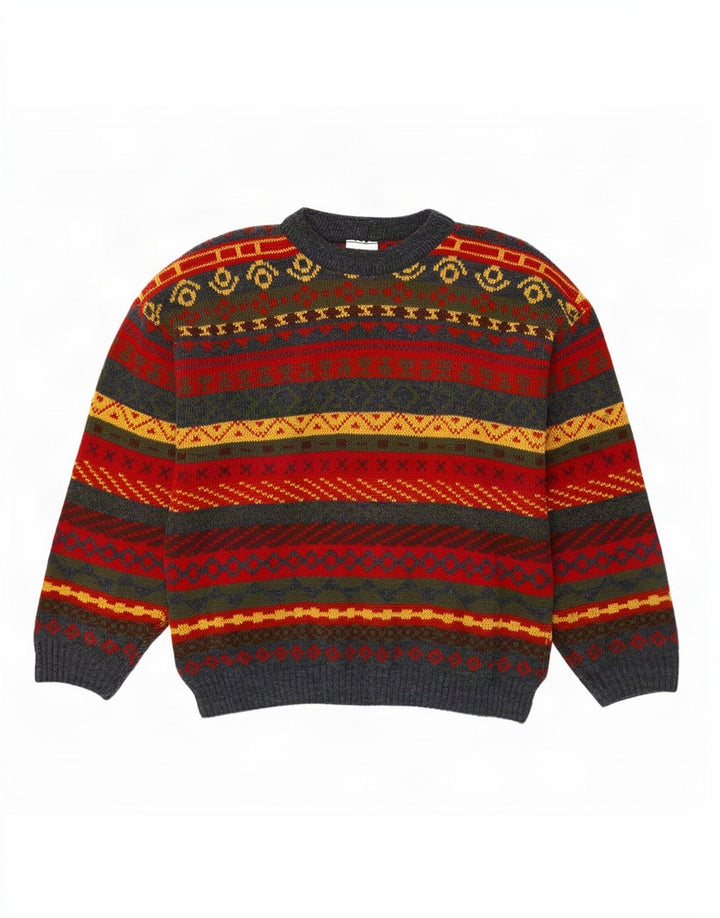 Vintage Herren-Pullover mit Rundhalsausschnitt, mittelgroß, mehrfarbig, Fair Isle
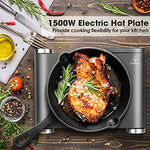 CUSIMAX Hot Plate Electric Burner Single Burner Cast Iron hot plates for cooking Portable Burner with Adjustable Temperature Control Stainless Steel Non-Slip Rubber Feet, Upgraded Version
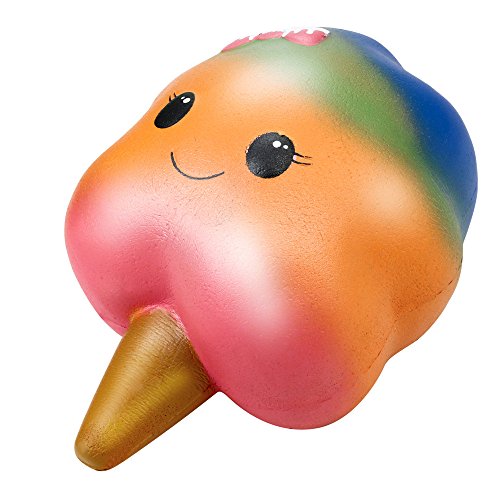 Squishies Jumbo,ZOMUSAR Cute Ice Cream Spun Sugar Scented Squishy Charm Slow Rising Stress Reliever Toy (B)
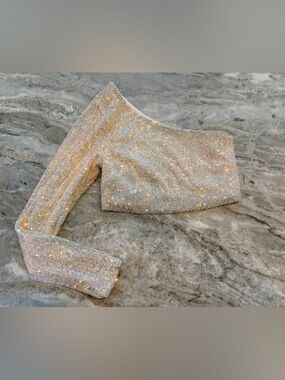 Adika Small Champagne Iridescent Sequin Long Sleeve Crop Top Party Clubwear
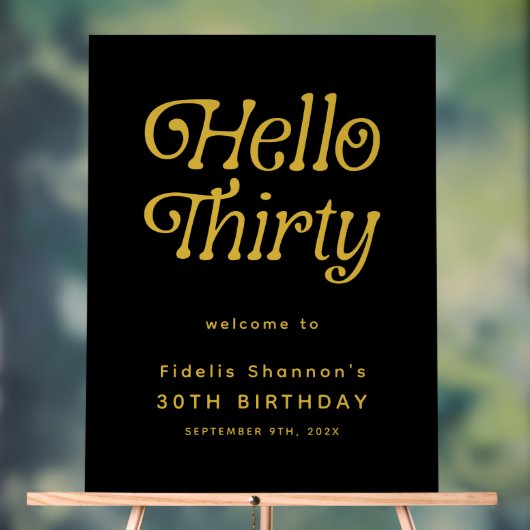 Hello Thirty レトロ30歳の誕生日ウェルカムサイン アクリルサイン (ニュートラル)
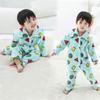 Long Crayon Room Top and Bottom Open Loungewear for Boys and Girls [Mitigo] Pajamas, Sleeves, Shin-chan Style, Cute, Fluffy, Flannel, Warm, Wear,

================

**REQUIRED ACTION:**
The listing above must be printed again exactly, minus its pictures.

**EXERCISE SOLUTION:**
 Vintage Herren-Pullover mit Rundhalsausschnitt, mittelgroß, mehrfarbig, Fair Isle
 CUSIMAX Hot Plate Electric Burner Single Burner Cast Iron hot plates for cooking Portable Burner with Adjustable Temperature Control Stainless Steel Non-Slip Rubber Feet, Upgraded Version
 Squishies Jumbo,ZOMUSAR Cute Ice Cream Spun Sugar Scented Squishy Charm Slow Rising Stress Reliever Toy (B)
 Adika Small Champagne Iridescent Sequin Long Sleeve Crop Top Party Clubwear
 Hello Thirty レトロ30歳の誕生日ウェルカムサイン アクリルサイン (ニュートラル)
 Long Crayon Room Top and Bottom Open Loungewear for Boys and Girls [Mitigo] Pajamas, Sleeves, Shin-chan Style, Cute, Fluffy, Flannel, Warm, Wear,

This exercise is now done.